◆ What to do: Below is a listing to copy exactly; no image goes into the copy.

◆ Records to use:
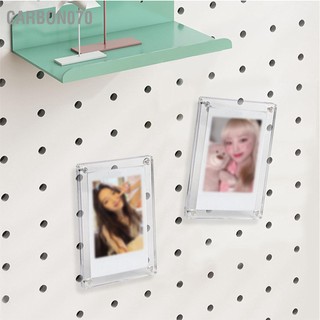 Carbon070 Khung ảnh tủ lạnh hiển thị hình hai mặt trong suốt từ tính acrylic cho ghi chú 3 inch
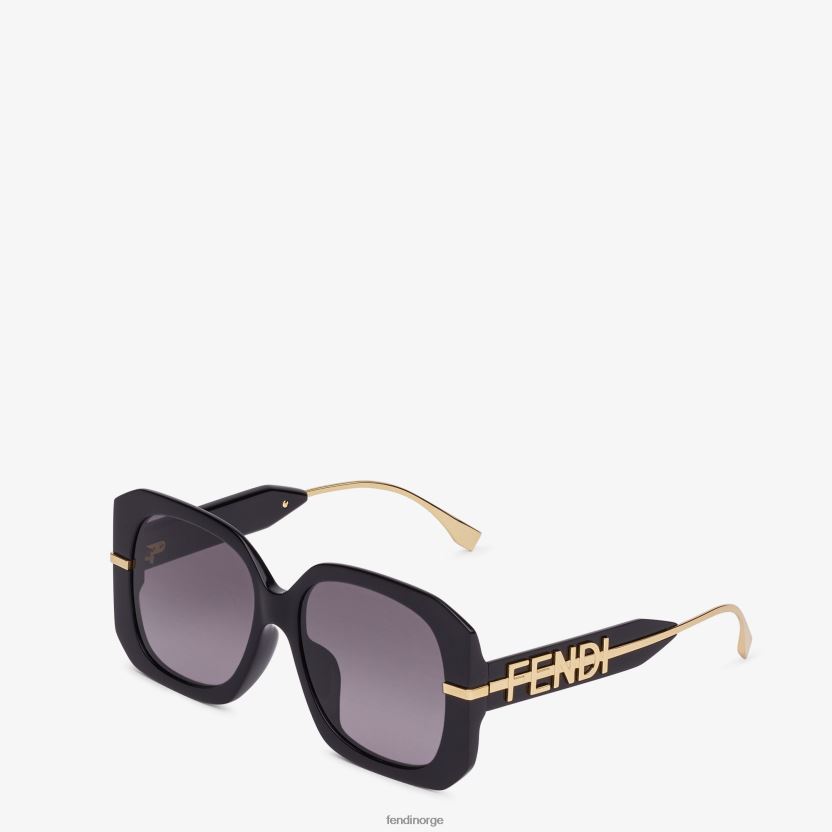 Fendi kvinner acetatsolbriller med lav bridgepassform NXB4XN322 svart tilbehør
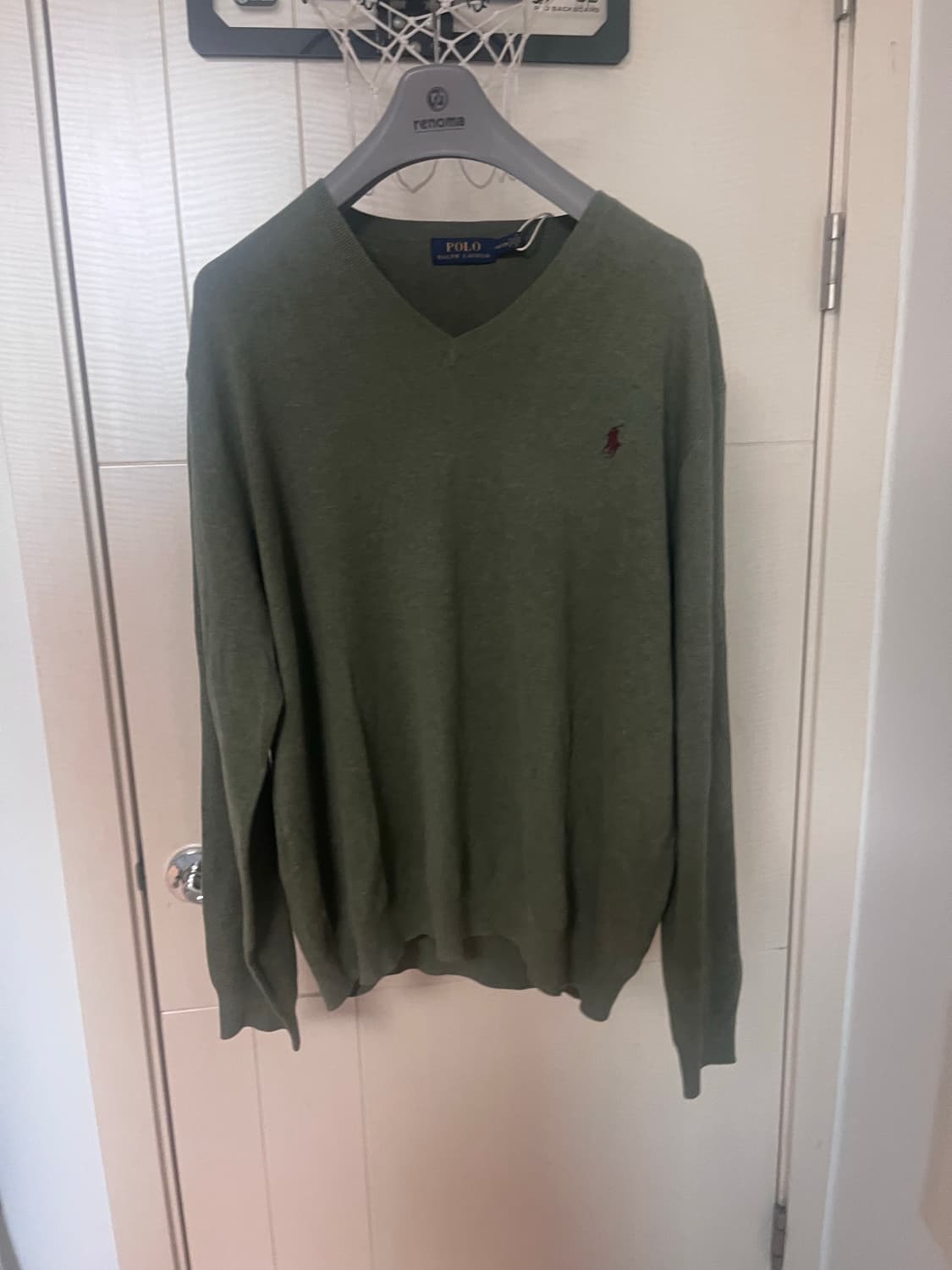 폴로 랄프로렌 맨즈 브이넥 피마 코튼 스웨터 니트 OLIVE 상품이미지1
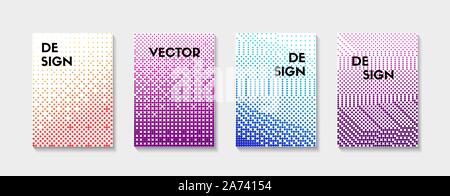 Halftone backgrounds. Vector set of color dotted minimal templates for banners, flyers, covers. Trendy gradient textures Stock Vector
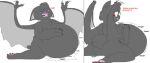  bat belly big_belly black_text bloated blush blush_lines bodily_fluids butt butt_expansion expansion eyes_closed gigibatchilla mammal motion_lines onomatopoeia pink_blush red_eyes red_text rico_(gigibatchilla) sound_effects sweat swelling text unavailable_at_source 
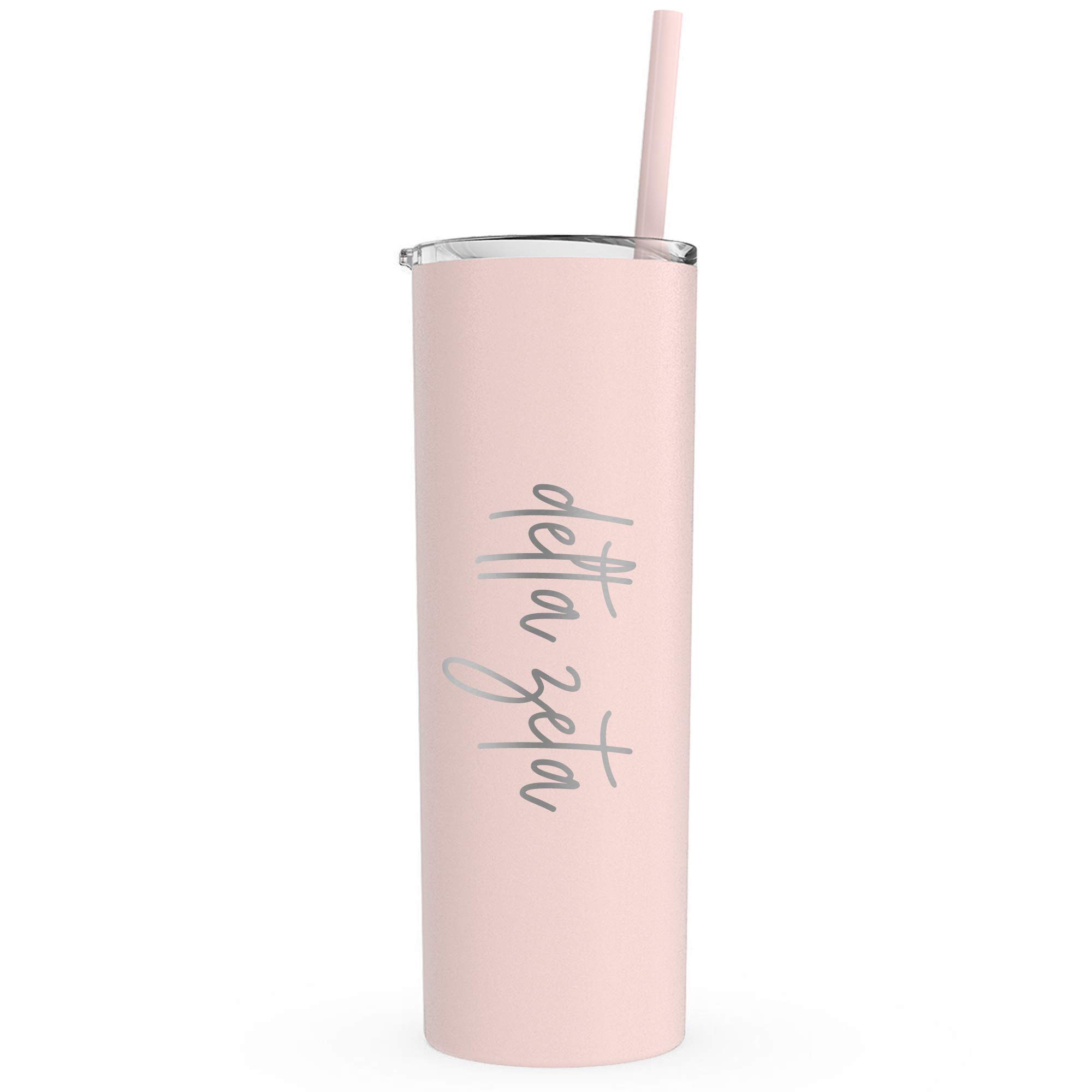 Go Greek Chic Delta Zeta Laser Engraved Skinny Tumbler with Straw (Blush) - 20oz Insulated Stainless Steel Cup for Sorority Sisters, College Students, Greek Life Events - Perfect for Parties, Study Sessions & Campus Life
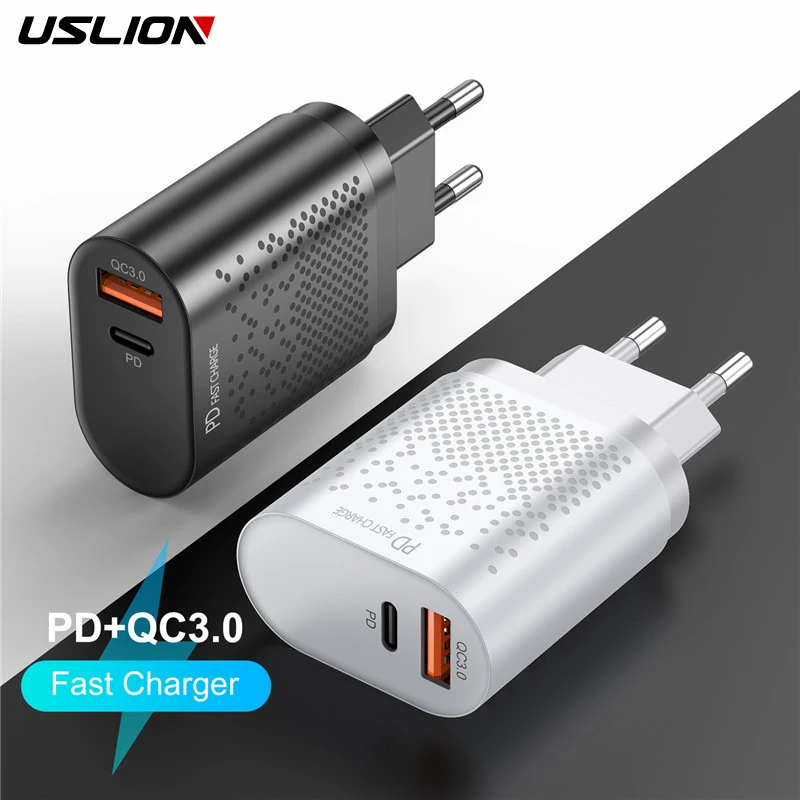 USLION 18W USB QC 3.0 Fast Charging Mobile Phone tablet Chargers PD3.0 Adapter For iPhone 14 Samsung Xiaomi Travel Wall Charger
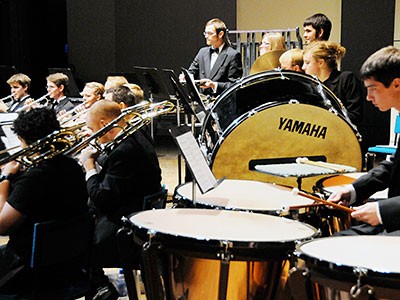A USU band in performance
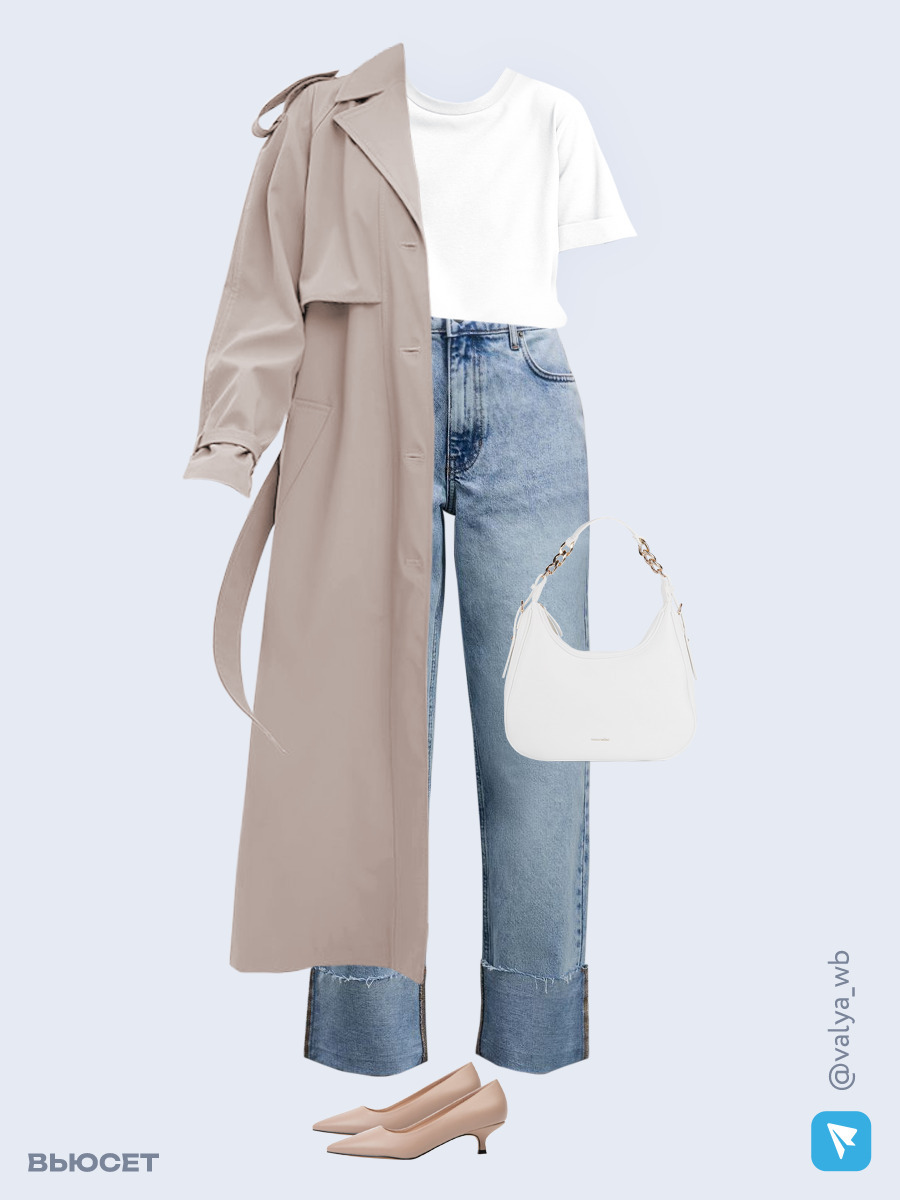 Образ с Вайлдберриз с артикулами (плащ, футболка, джинсы, сумка, туфли)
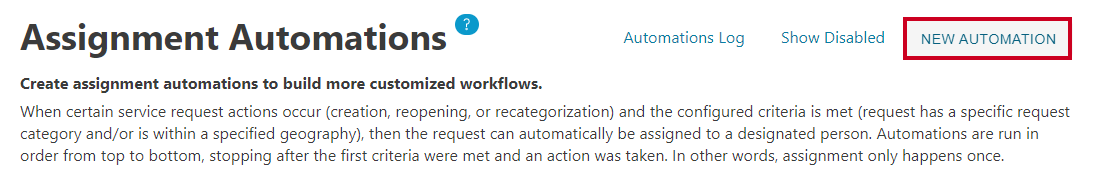 new automation button.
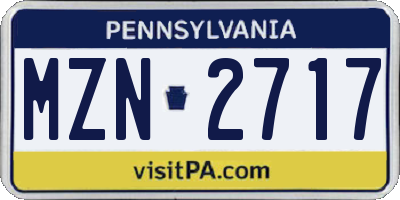PA license plate MZN2717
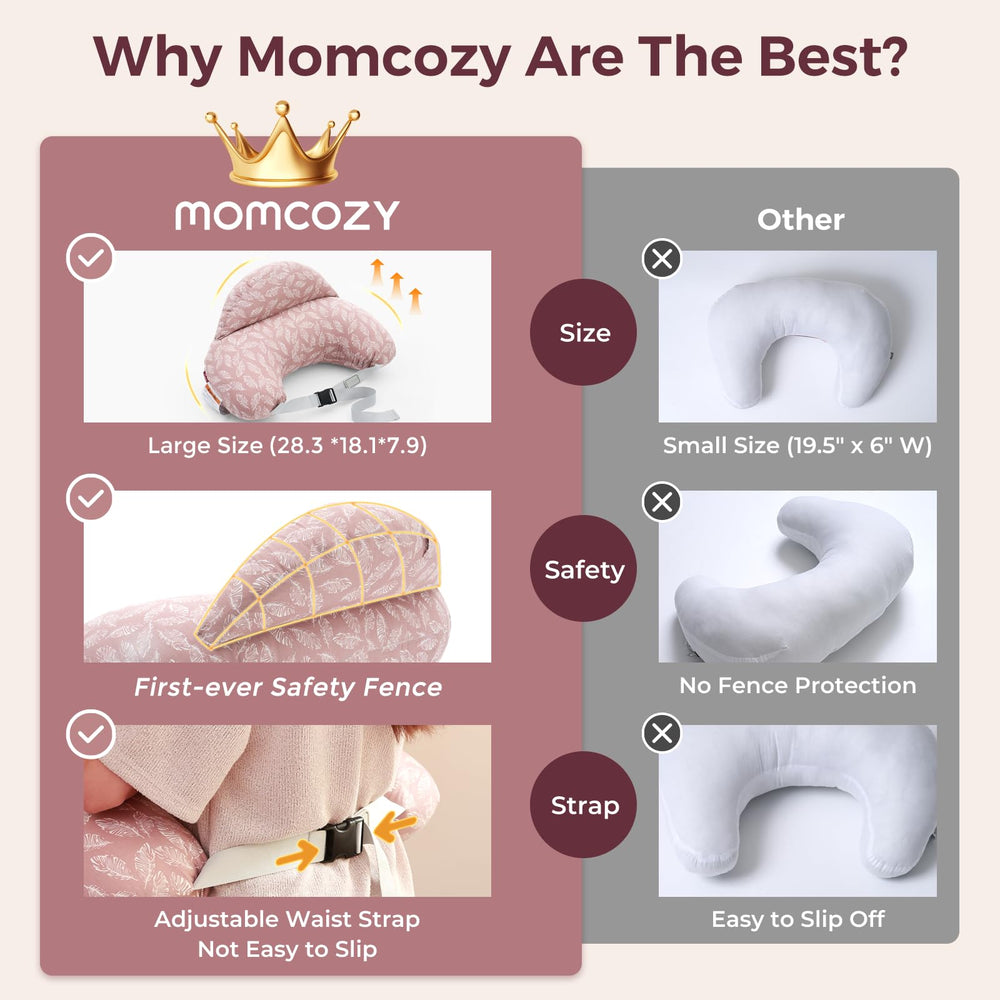 Hands-free feeding with Momcozy Original Nursing Pillow enables multitasking.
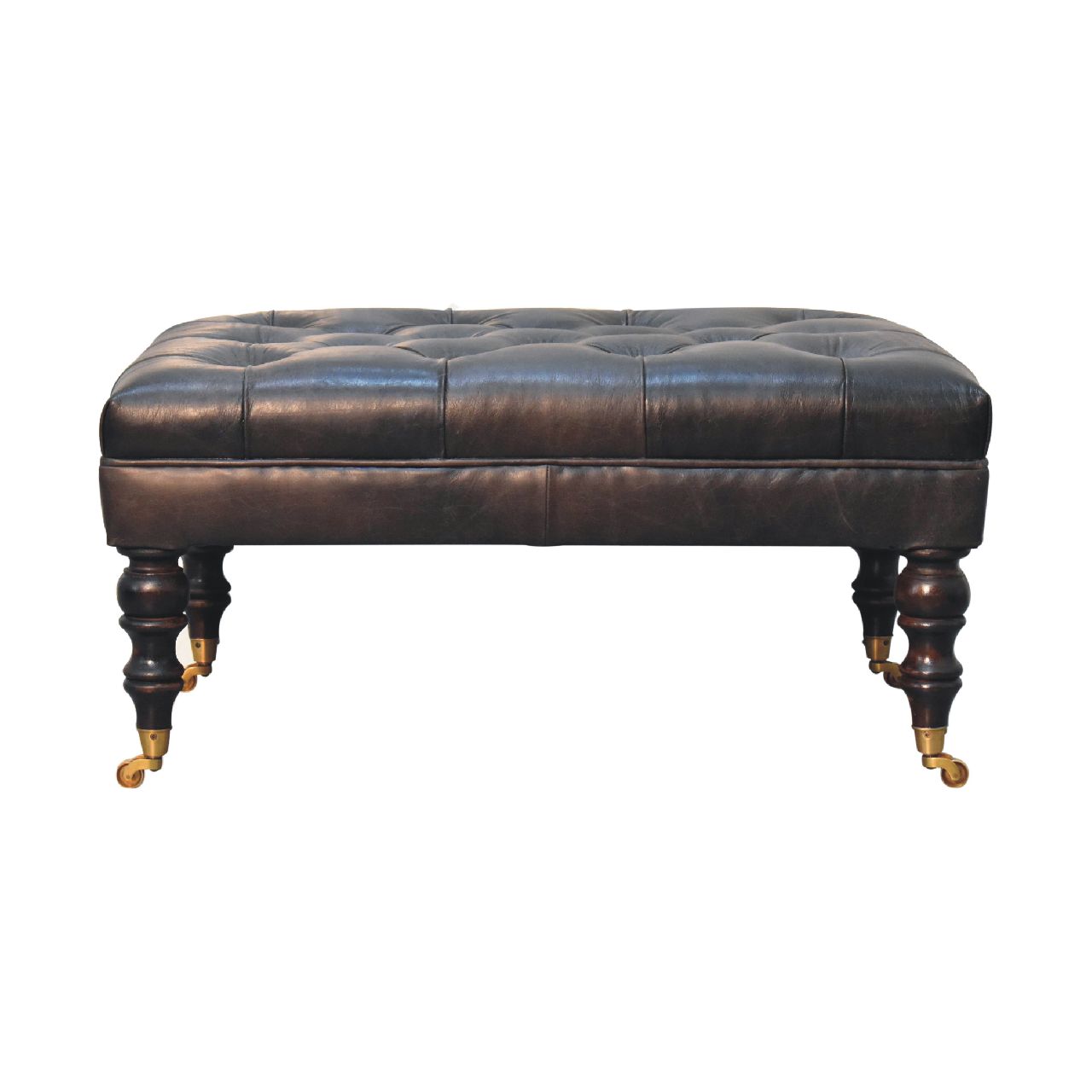 Buffalo Ash Black Leather Bench Ottoman – Solid Mango Wood Castor Legs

◆ Response to this exercise:
 Carbon070 Khung ảnh tủ lạnh hiển thị hình hai mặt trong suốt từ tính acrylic cho ghi chú 3 inch
 Fendi kvinner acetatsolbriller med lav bridgepassform NXB4XN322 svart tilbehør
 폴로 랄프로렌 맨즈 브이넥 피마 코튼 스웨터 니트 OLIVE 상품이미지1
 Halftone backgrounds. Vector set of color dotted minimal templates for banners, flyers, covers. Trendy gradient textures Stock Vector
  bat belly big_belly black_text bloated blush blush_lines bodily_fluids butt butt_expansion expansion eyes_closed gigibatchilla mammal motion_lines onomatopoeia pink_blush red_eyes red_text rico_(gigibatchilla) sound_effects sweat swelling text unavailable_at_source 
 Go Greek Chic Delta Zeta Laser Engraved Skinny Tumbler with Straw (Blush) - 20oz Insulated Stainless Steel Cup for Sorority Sisters, College Students, Greek Life Events - Perfect for Parties, Study Sessions & Campus Life
 USLION 18W USB QC 3.0 Fast Charging Mobile Phone tablet Chargers PD3.0 Adapter For iPhone 14 Samsung Xiaomi Travel Wall Charger
A USU band in performance
 Образ с Вайлдберриз с артикулами (плащ, футболка, джинсы, сумка, туфли)
 new automation button.
PA license plate MZN2717
 Hands-free feeding with Momcozy Original Nursing Pillow enables multitasking.
 Buffalo Ash Black Leather Bench Ottoman – Solid Mango Wood Castor Legs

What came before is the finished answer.